In practice this means that when an upstream device — say, a core router or an edge gateway — knows that the next hop can only sustain a certain throughput, it uses shaping to ensure it never hands off traffic faster than that limit. Instead of simply discarding excess packets the moment they arrive, the shaper holds them in a buffer or queue and releases them in a smooth, metered fashion once capacity is available.

The mechanism that governs release timing is the token bucket. The token bucket model works as follows:

  • Tokens accumulate in a bucket at a fixed rate (the configured shaping rate).
  • Each packet consumes a number of tokens equal to its size in bytes.
  • A packet can only be transmitted when enough tokens are available.
  • If tokens are insufficient, the packet waits in the queue until enough tokens have accumulated.

Because tokens accumulate steadily and packets drain the bucket only when sent, the output stream is smoothed out over time — bursts are absorbed rather than forwarded all at once or dropped outright.

Traffic Shaping vs. Traffic Policing

The main difference between traffic shaping and traffic policing is that traffic shaping buffers packets that would be dropped by traffic policing — typically by placing them into a buffer or queue. When the token bucket has enough tokens, these buffered packets are then sent out uniformly. Another difference between traffic shaping and traffic policing is that shaping may increase latency, whereas policing introduces almost no additional latency.

It is worth unpacking why these two behaviors lead to such different outcomes:

| Property | Traffic Policing | Traffic Shaping | |---|---|---| | Excess packet handling | Drop (or re-mark) immediately | Buffer and defer transmission | | Latency impact | Minimal — no queuing delay added | Can add queuing delay | | Packet loss under burst | High — bursts are cut off | Low — bursts are absorbed into queue | | Typical placement | Ingress enforcement, SLA checking | Egress rate adaptation | | Resource cost | Very low (no buffer needed) | Higher (queue memory required) |

Traffic policing is a one-pass decision: if a packet exceeds the contracted rate at the moment it arrives, it is dropped or its DSCP marking is downgraded.

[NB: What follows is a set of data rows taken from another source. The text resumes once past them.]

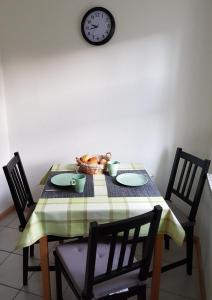 een tafel met stoelen en een klok aan de muur bij Ferienwohnung Hartmann in Papstdorf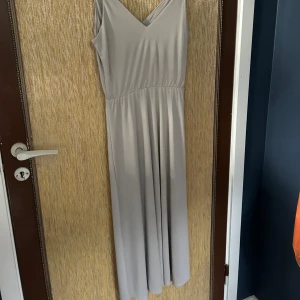 Grå långklänning - Säljer en elegant grå långklänning. Klänningen har en v-ringad hals och är ärmlös med smala axelband. Perfekt för festliga tillfällen eller en sommarkväll. Klänningen är i nyskick och har en normal passform.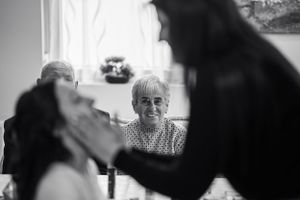 Egy elmosódott sziluett keretezi az előtérben egy idős embert, aki mosolyog a háttérben egy ablakon vagy ajtón keresztül.
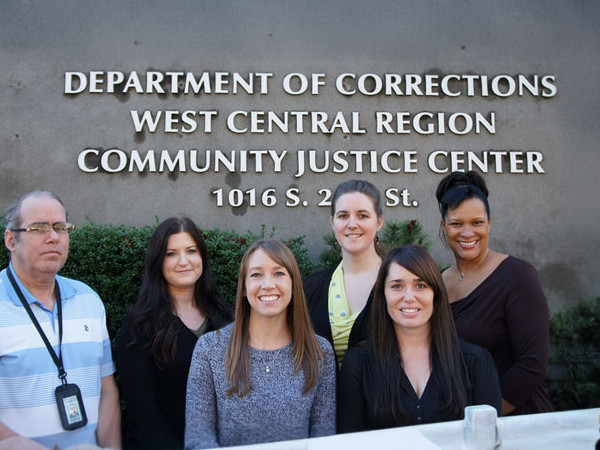image of the outside of the Tacoma Community Justice Center with six staff members posing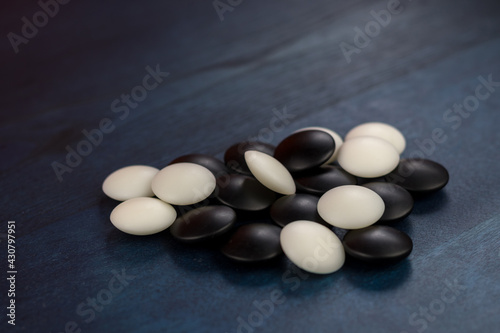 Black and white stones of traditional Chinese game go on blue table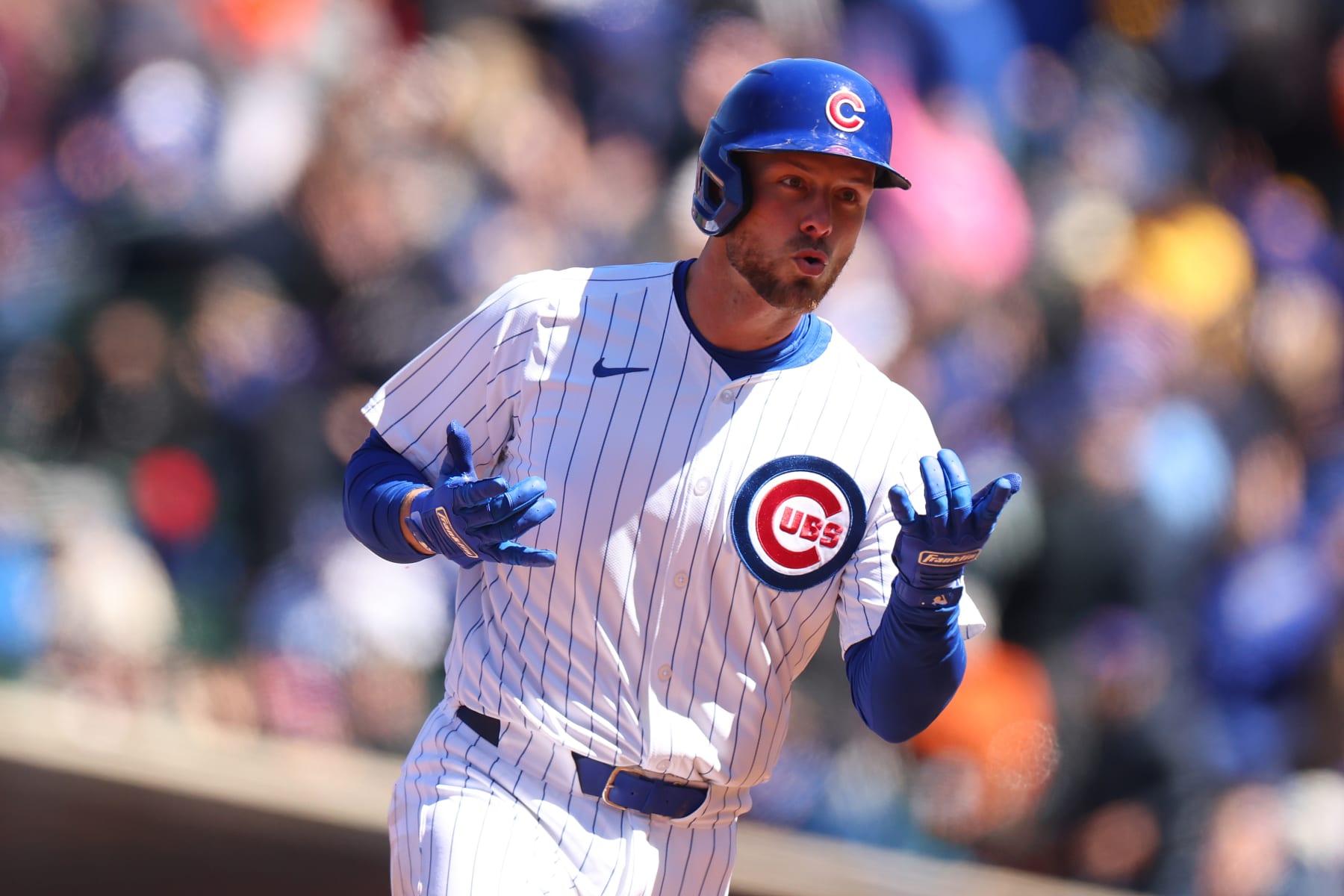 CHICAGO, ILLINOIS - APRIL 05: Michael Busch #29 of the Chicago Cubs celebrates a home run against the Los Angeles Dodgers during the third inning at Wrigley Field on April 05, 2024 in Chicago, Illinois. (Photo by Michael Reaves/Getty Images)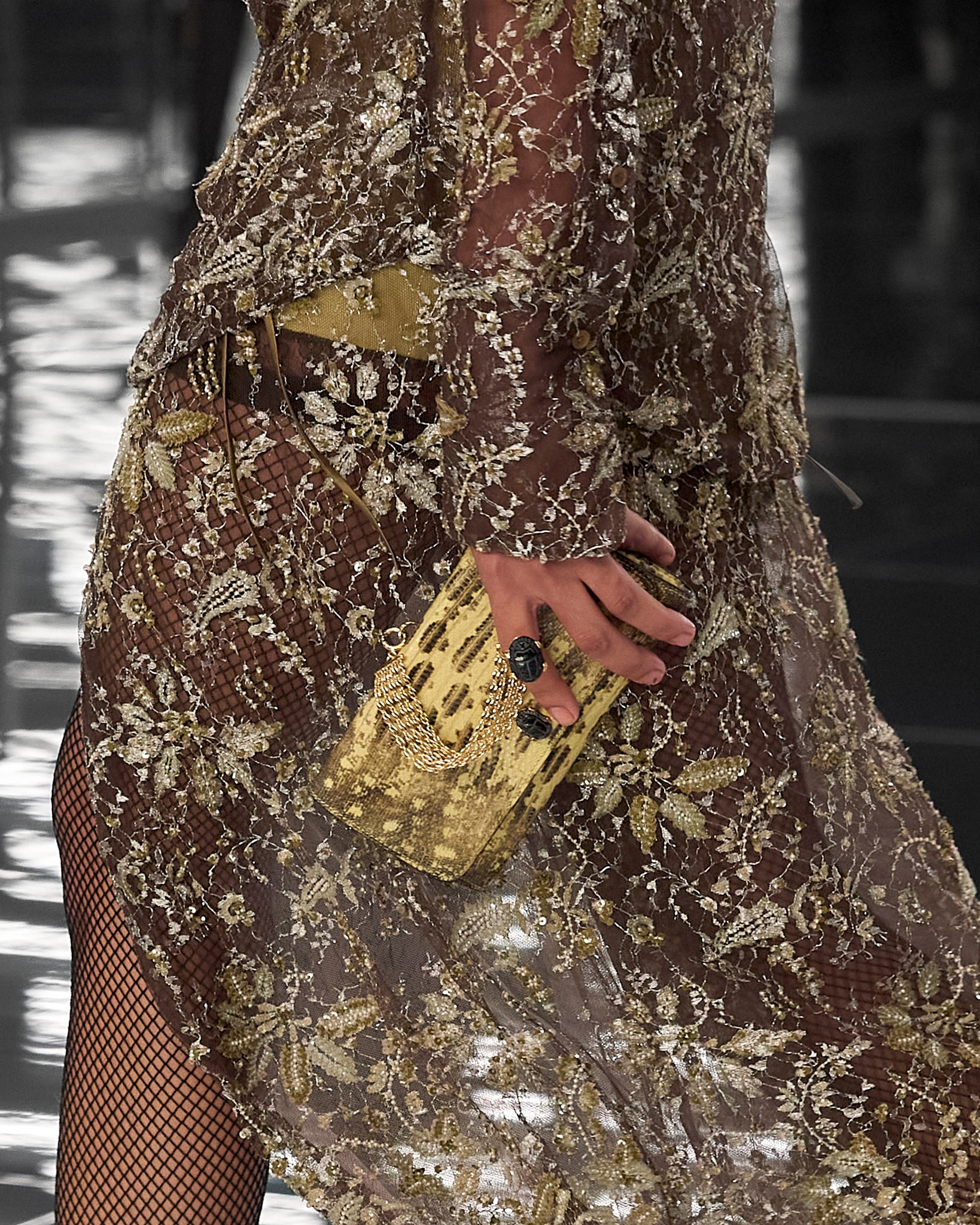 fendi gold lurex dress unveils its Spring/Summer 2027 collection by Maria Grazia Chiuri. On the runway, the mirror becomes a solid presence, forcing spectators into confrontation and into the discovery of others in the reflected all_products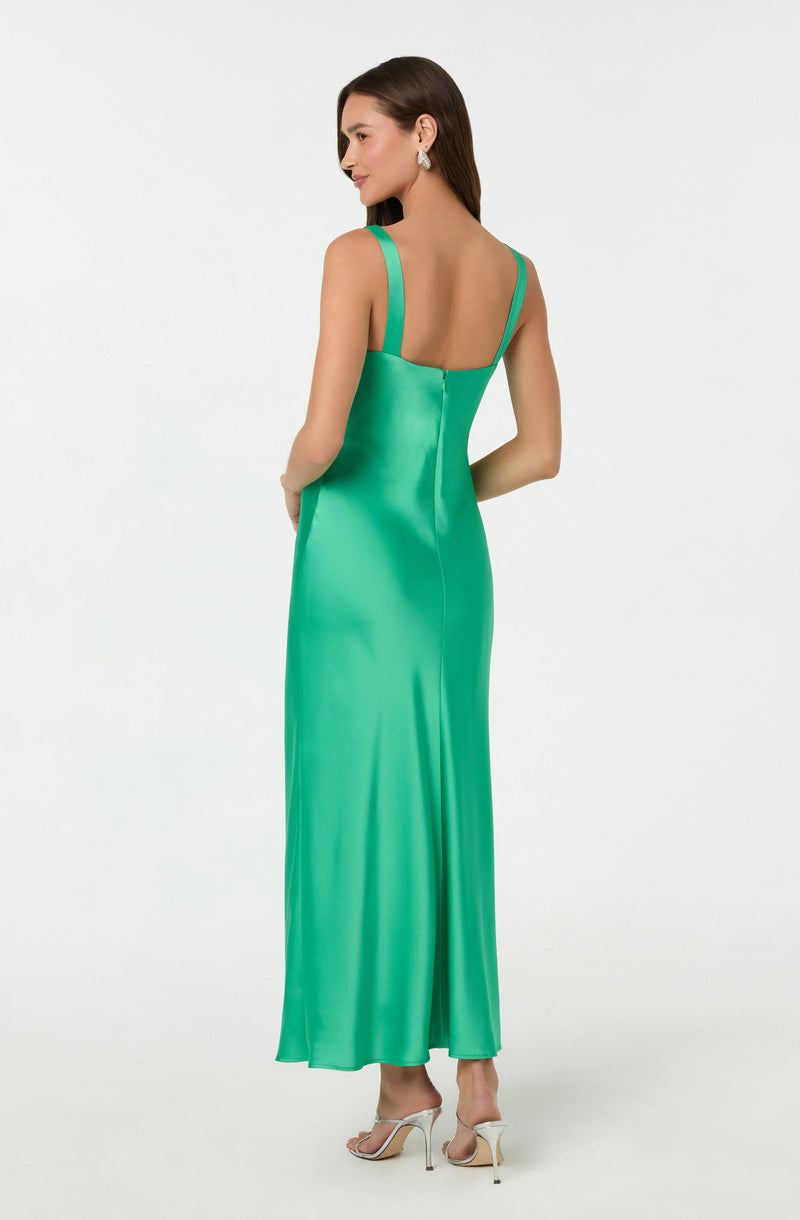 A woman is wearing a floor-length, sleeveless gown in a vibrant, shiny green satin fabric. The dress has wide shoulder straps and a fitted bodice, flowing smoothly down to the hem. She is also wearing white high-heeled shoes with thin straps and large, sparkling earrings.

This is computationally cheap and introduces no delay, but it can cause significant packet loss during legitimate traffic bursts — loss that TCP interprets as congestion, triggering retransmits and throughput collapse.

Traffic shaping trades that packet loss for queue depth. A shaped flow can sustain short bursts because the shaper absorbs them into its buffer, then drains the buffer at the configured rate. The cost is added latency: every packet that waits in queue spends additional time before delivery. For delay-sensitive traffic such as VoIP or interactive video, this trade-off can be unacceptable, which is why shaping is typically combined with a prioritization mechanism (such as LLQ or CBWFQ) that keeps latency-sensitive flows out of the shaping queue entirely.

Where Traffic Shaping Fits in a QoS Architecture

A common deployment pattern is hierarchical shaping:

  1. An aggregate shaper enforces the overall contracted bandwidth for a WAN link or a subscriber.
  2. Inside that aggregate, individual class queues (video, voice, data) are scheduled with appropriate priorities and weights.
  3. A separate policing action at the ingress discards or re-marks traffic that exceeds per-class limits before it even reaches the shaper.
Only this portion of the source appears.